Hudson Technologies (HDSN) Q3 2024 earnings summary

Event summary combining transcript, slides, and related documents.

Logotype for Hudson Technologies Inc

Q3 2024 earnings summary

16 Jan, 2026

Executive summary

  • Q3 2024 revenue was $61.9 million, down 19% year-over-year due to lower refrigerant prices, reduced DLA contract revenue, and a 7% decrease in volume sold.

  • Net income for Q3 2024 was $7.8 million ($0.17 per diluted share), including $2.3 million in non-recurring income from a litigation settlement, down from $13.6 million ($0.29 per share) last year.

  • For the nine months ended September 30, 2024, revenue totaled $202.5 million, a 17% decrease year-over-year, with net income of $27.0 million ($0.57 per diluted share).

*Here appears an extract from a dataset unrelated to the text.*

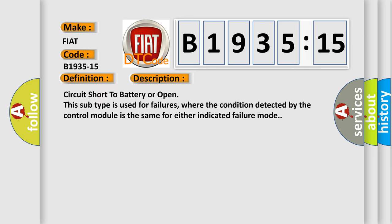Circuit short to battery or open. This subtype is used for failures where the condition detected by the control module is the same for either indicated failure mode.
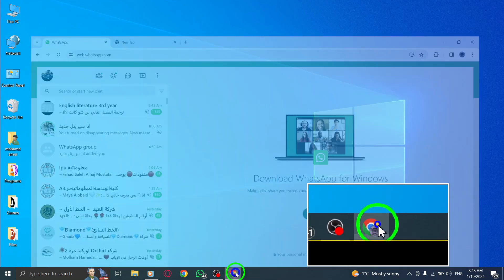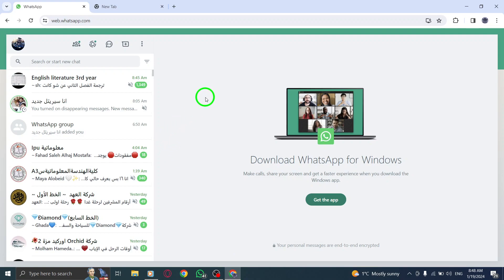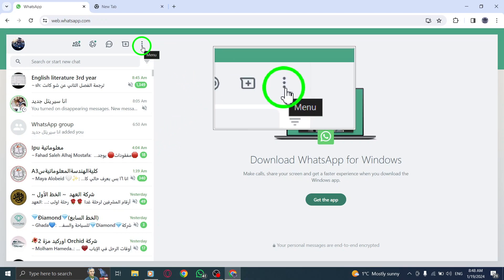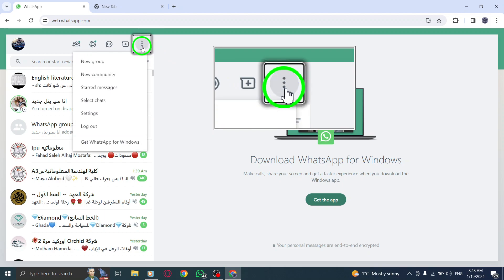Step 1. Open WhatsApp on your computer. Once you're in, look for the menu icon, which could be the three dots or the drop-down icon located above your chats list.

  • The company completed the $20.7 million acquisition of USA Refrigerants in June 2024, expanding its customer network and geographic footprint.

  • Share repurchase authorization was doubled to $20 million, with $2.6 million repurchased in Q3 2024.

Financial highlights

  • Gross margin for Q3 2024 was 26%, down from 40% in Q3 2023, with gross profit at $15.9 million.

  • Operating income for Q3 2024 was $7.0 million, compared to $23.1 million a year ago.

  • Net cash provided by operating activities for the nine months ended September 30, 2024 was $71.1 million, up from $43.5 million in 2023.

  • Cash and cash equivalents at September 30, 2024 were $56.5 million, with no debt.

  • Inventories decreased to $103.5 million at September 30, 2024 from $154.5 million at December 31, 2023.

Outlook and guidance

  • Full-year 2024 revenue is expected at the low end of prior guidance, with gross margin projected at approximately 28%.

  • Q4 gross margin anticipated to be seasonally lower.

  • Management remains confident in long-term growth tied to HFC phasedown and increased demand for reclaimed refrigerants.

  • Long-term gross margin target of 35% remains, but recovery depends on market price increases.

  • Management expects to satisfy working capital needs from operations and available credit, but notes that unanticipated expenses or lower revenues could require additional capital.